Building Carpentries-based Bioconductor Lessons

Jenny Drnevich1

Building Carpentries-based Bioconductor Lessons

Authors: Jenny Drnevich2, Charlotte Soneson3, Toby Hodges4, Laurent Gatto5.
Last modified: 15 Mar 2021.

Overview

Description

The Bioconductor teaching committee was established in early 2020, and one of its aims is to coordinate the development of Bioconductor-focused training material, consistent with the guiding principles of the Carpentries (https://carpentries.org). During its first year, the committee has started the development of three lessons: an introduction to R (with a Bioconductor focus), an overview of the Bioconductor project, and a lesson on bulk RNA-seq analysis with Bioconductor. In this workshop, we would like to raise awareness of the existing lessons within the Bioconductor community, and invite contributions from interested community members. We will start by giving an overview of the Carpentries guiding principles and the procedures for proposing and developing a Bioconductor lesson. After that, we will invite participants to actively engage with and contribute to the existing material, as well as form new working groups for development of additional lessons.

Pre-requisites

Essential pre-requisites:

  • Basic knowledge of R syntax
  • An interest in teaching R to others

Suggested pre-requisites:

  • Basic knowledge of git
  • Basic knowledge of Rmarkdown

Background reading:

Participation

Attendees are interested in learning about the Carpentries’ guiding principles on the science of learning and how to apply them in their own teaching. They will review existing workshop material from the Bioconductor teaching committee and participate in a “lesson sprint”: contribute ideas, suggestions for improvement, evaluation tests, etc. They will also have the opportunity to suggest other lessons and network with others to hopefully form groups to develop these lessons in the future.

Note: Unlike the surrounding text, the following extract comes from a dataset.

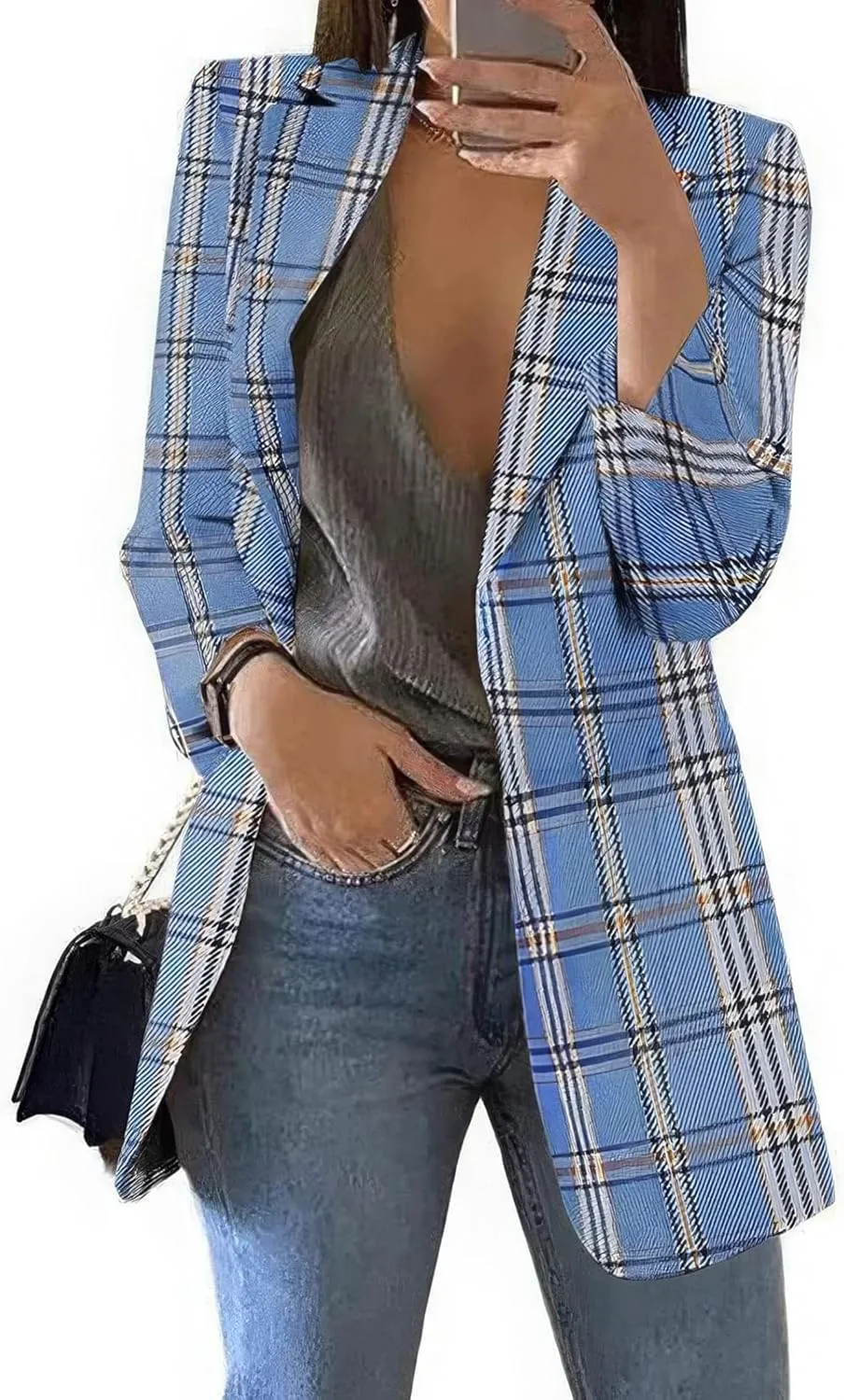 ebossy Womens Casual Plaid Tweed Blazers Long Sleeve Notched Lapel Slim Work Office Suit Jackets
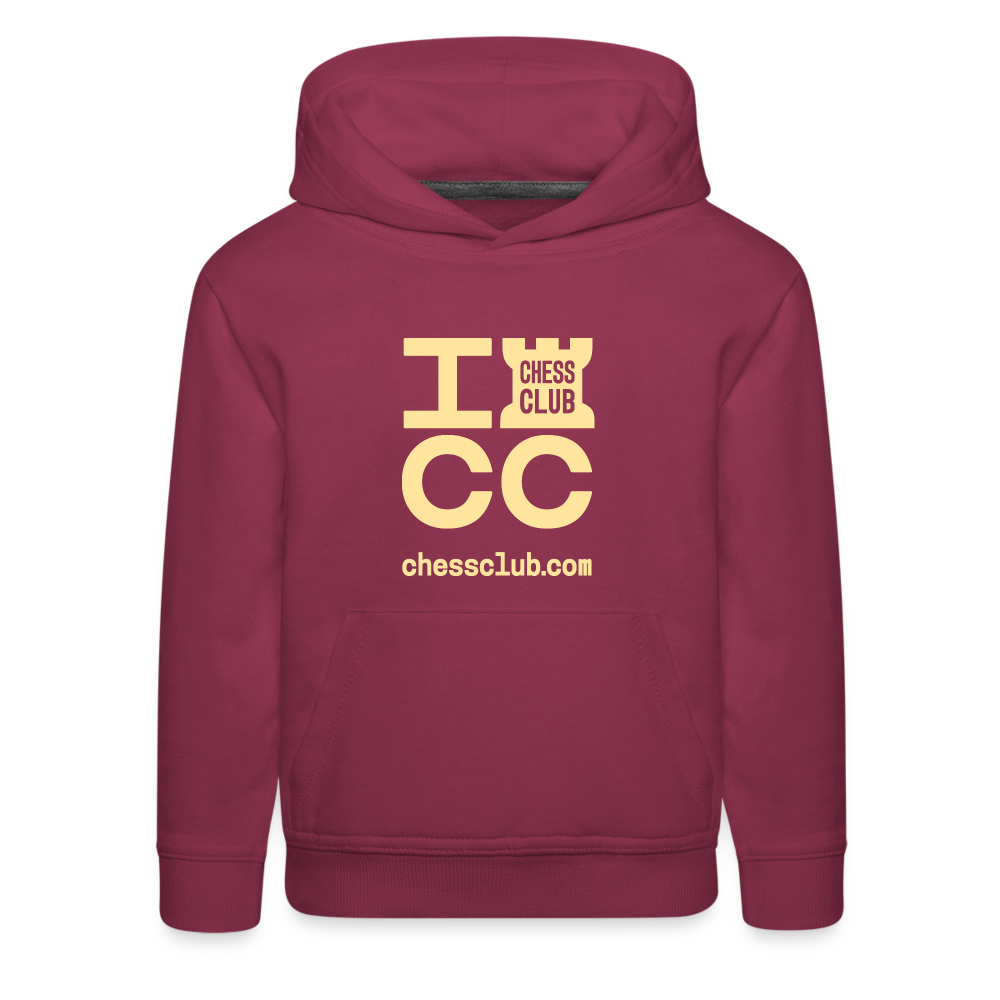 ICC Brand Yellow Logo Kids‘ Premium Hoodie - burgundy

R / Bioconductor packages used

ggplot2,

Time outline

Activity Time
Carpentries guiding principles 20m
Overview of workshops in development 20m
Lesson sprint 50m
Future lesson planning 20m

Workshop goals and objectives

Learning goals

  • Describe the backwards design instructional model and how it influences the development of course content.
  • Assess the Introduction to R workshop being developed by the Bioconductor teaching committee and provide feedback whether the lesson design fulfills the stated learning objectives.
  • Understand how to create meaningful assessment exercises to test whether learners have learned a particular skill or concept or what misconceptions they still have.
  • Form collaborative groups for future lesson development.

Learning objectives

  • Identify the target audience and learning objectives of the Bioconductor-focused Introduction to R workshop.
  • Modify/edit workshop materials to better obtain the stated learning objectives.
  • Create multiple choice, fill in the blanks, minimal fix, and/or code adaptation exercises to assess specific knowledge gained.
  • Network with others interested in teaching R/Bioconductor workshops.

Workshop

Carpentries guiding principles

Overview of workshops in development

https://github.com/Bioconductor/bioconductor-teaching

An introduction to R

Target audience: At least a mid-level Bachelor student with basic biology knowledge. They have or will have some type of -omic data they will need to analyze and visualize but possibly no prior experience in programming or data analysis.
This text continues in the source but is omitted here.